How to Manage Colocation Contract
Ongoing management of colocation contracts is essential to ensuring that the terms and conditions reflect any changes in the technology, your organization’s needs and the colocation provider’s capabilities. To properly manage a contract after it has been signed, you must have a comprehensive understanding of the supplier’s requirements and performance. You should have an ongoing review process to analyze the contract as it is performed and on an annual basis. The most important aspects of supplier audits are: Third-party audit firms can be an invaluable resource and should be used at least annually to ensure compliance. When colocation service metrics or SLAs are not being met, determine whether the deficiency is the result of the supplier failing to meet expectations or if your company has requested more than what the contract specifies. A detailed gap analysis will show where any discrepancies exist.
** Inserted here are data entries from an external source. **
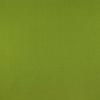 4295 - Groen Effen Organic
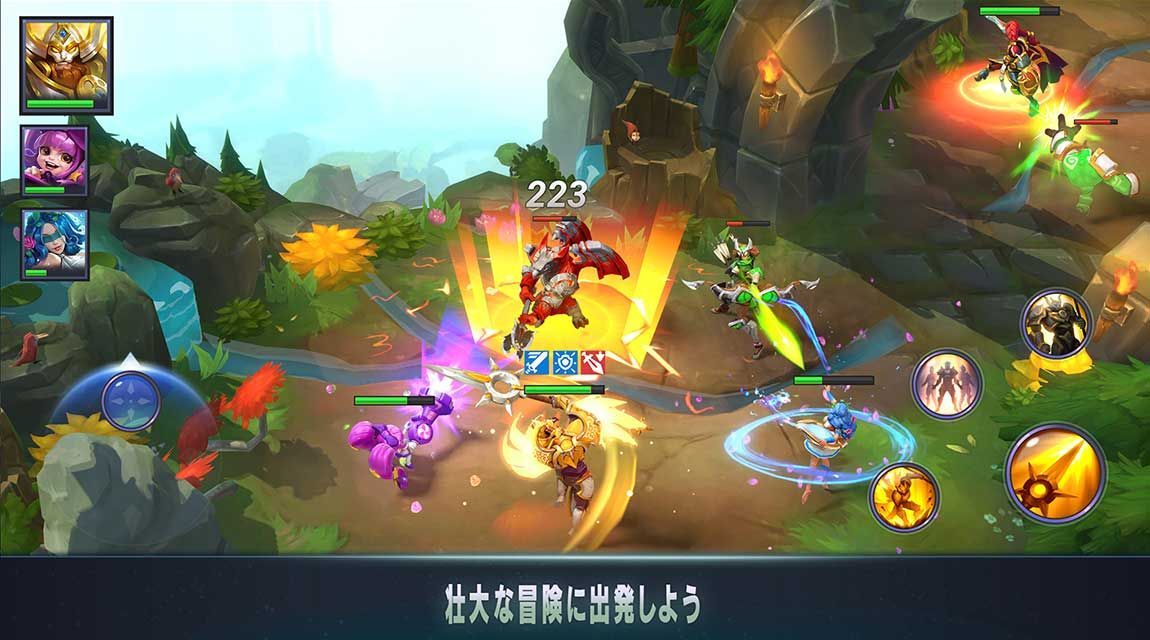 手机游戏哪一年出的多-年年游戏新：手机游戏哪一年最热？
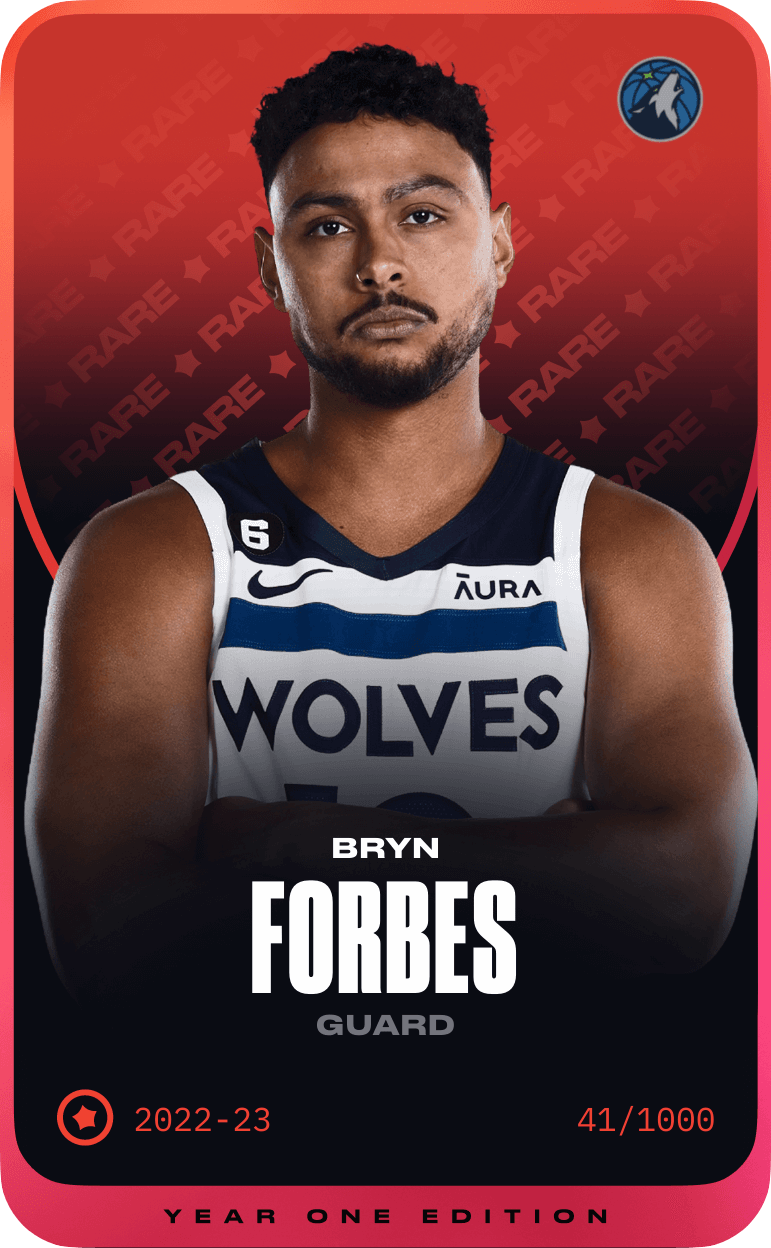 bryn-forbes-19930723-2022-rare-41
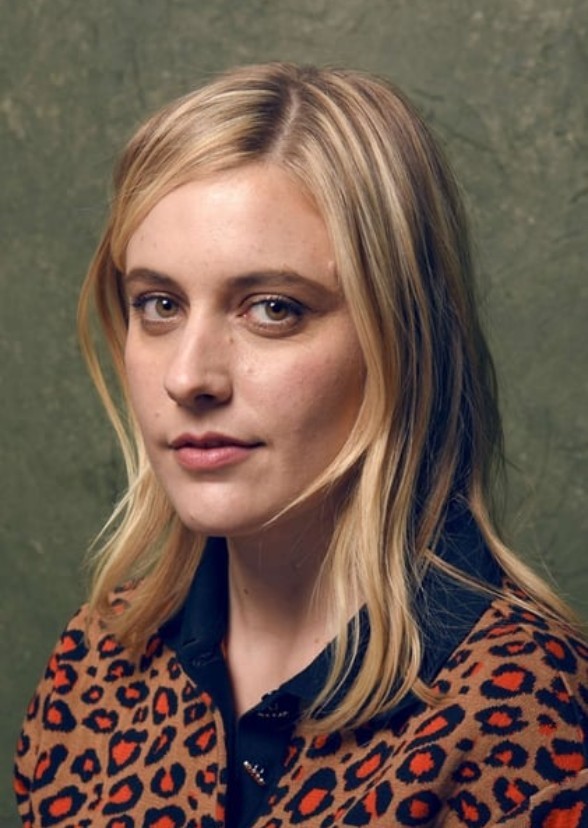 Woman that can beat Ben Shaprio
Senior management should get involved if issues arise that were expected but were missed in the initial review , or for issues that appear to be the fault of the supplier. For example, your company may want to require that the supplier install a specific piece of hardware or software, which is not covered under the agreement, in order to get the desired results. Colocation providers are very concerned about their reputations, and for that reason can be highly responsive to concerns. The colocation provider should be a partner, but now that there are many competing providers fighting for your business, you have the leverage to negotiate the best terms for your organization. Always make sure that the internal stakeholders are involved in the contract negotiation process to avoid discrepancies later on.